I am surprised, and eventually convinced, by the amazing list of virtues Stuart Brown associates with play across the span of our lives, drawing on a rich universe of play study in humans and intelligent social animals. (By the way, stop right here for a smile by looking at amazing pictures of animals quite obviously delighting in play.) It is established, Stuart Brown insists, that an actively playful life establishes the earliest sense of self; sustains trust; provides increased enthusiasm for effectiveness in learning; prevents violence; invigorates the body; lessens the consequences of stress; contributes directly to the capacity to approach and solve complex life problems; and rewards and directs the living of life in accord with innate talents.
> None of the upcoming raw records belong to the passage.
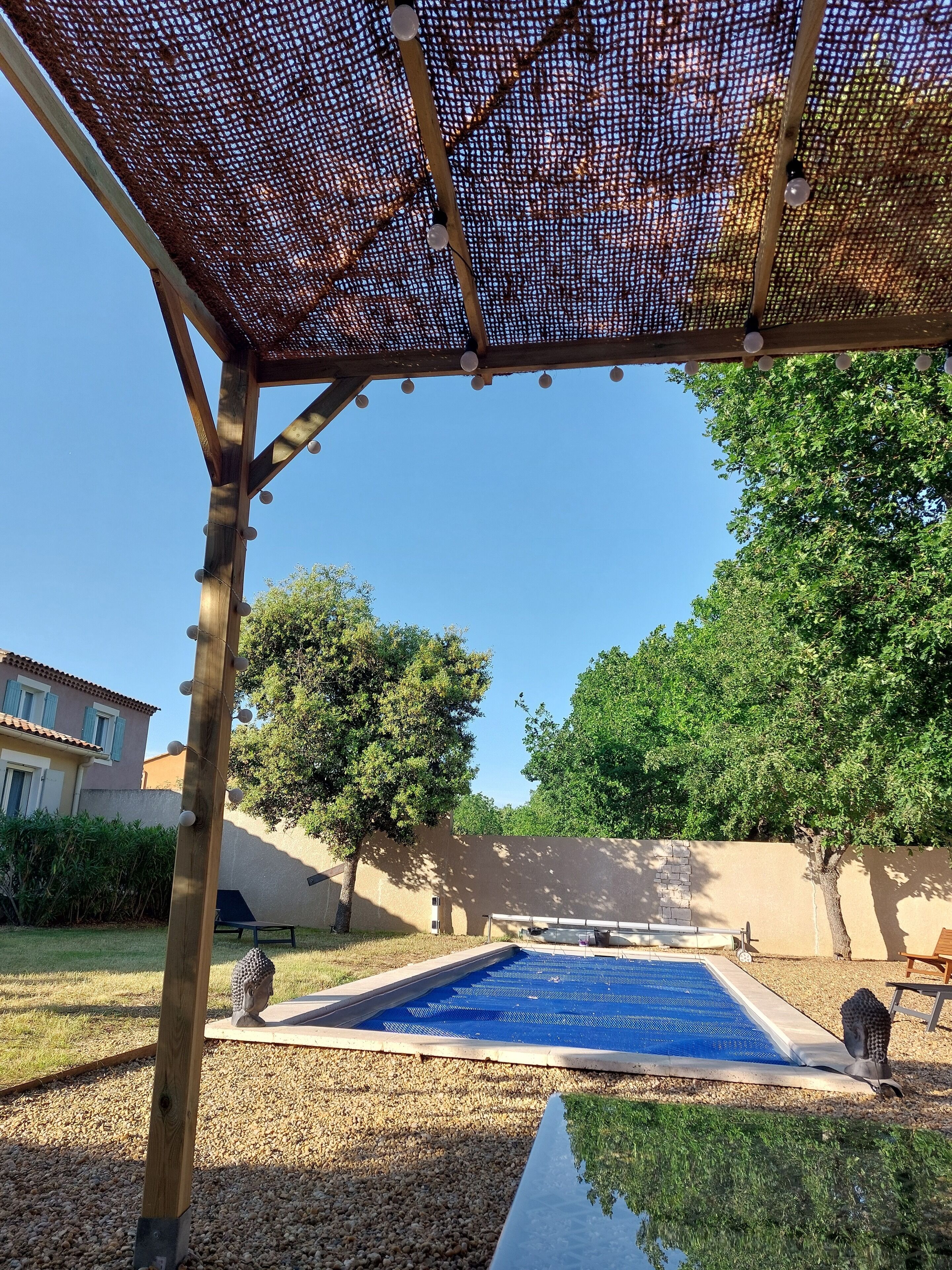 Ett takförsett utomhusområde med en pool, en träpergola och en staty.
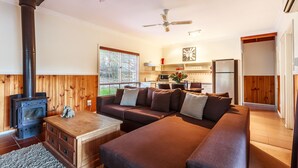 Una sala de estar acogedora con chimenea, un sofá y una mesa de centro.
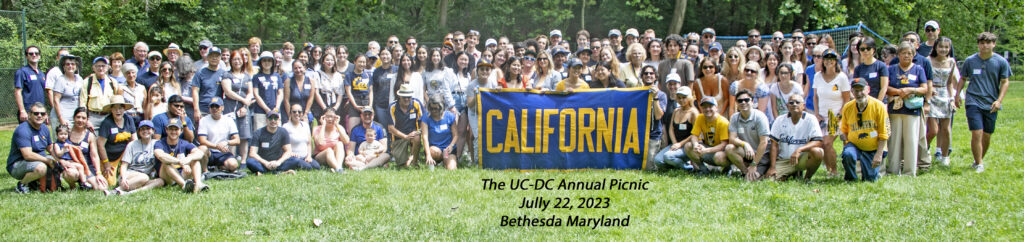 Attendees at the Cal Alumni Club of Washington D.C. Annual Picnic pose with a banner that says "California." 
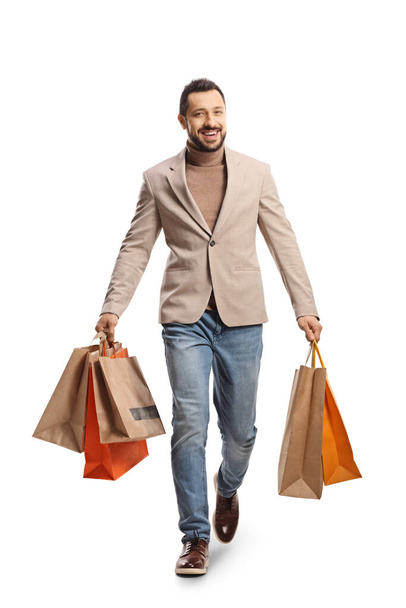 Full length portrait of a man carrying shopping bags and walking towards camera isolated on white background - Fotografie, Obrázek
But that all sounds so serious. Stuart Brown punctuates his scientific insights with an endearing, raucous laugh. And the effect of this conversation, and all the evocative sound and music our producer Mitch Hanley layers in, is to coax us to enjoy enjoying. Stuart Brown even assures me that the rough and tumble play that my son engages in is teaching him empathy and boundaries and trust. He encourages me not to be a "helicopter mother," touching down and interrupting when no one is being hurt. Here is the clincher: none of the murderers he studied had ever engaged in normal rough and tumble play. I let him rest his case.
I love this analogy Stuart Brown makes — after all his study of the science of play in intelligent social animals as well as human beings. At one end of the play spectrum in animals, there are labrador retrievers; at the other, there are wolves. Human beings act like labs in childhood and wolves in adulthood. But all we are learning about the human brain and body suggest that we are in fact hard-wired to learn and grow, by way of play and pleasure, across our life span.
How to rediscover play if you've let it slide, I ask? Move your body, Stuart Brown says. Dig up your memories of what brought you pleasure as a child. Take cues from "the experts" — the children in your life today. Do what makes you happy, and what transports you beyond a sense of the clock, your schedule, that deadline — beyond time. And remember, he says, to the accomplished wolves and workaholic perfectionists among us, that while the idea of learning to play might be daunting, it's not rocket science. We know how to play, in good and deep and life-giving places inside us, just by virtue of being human.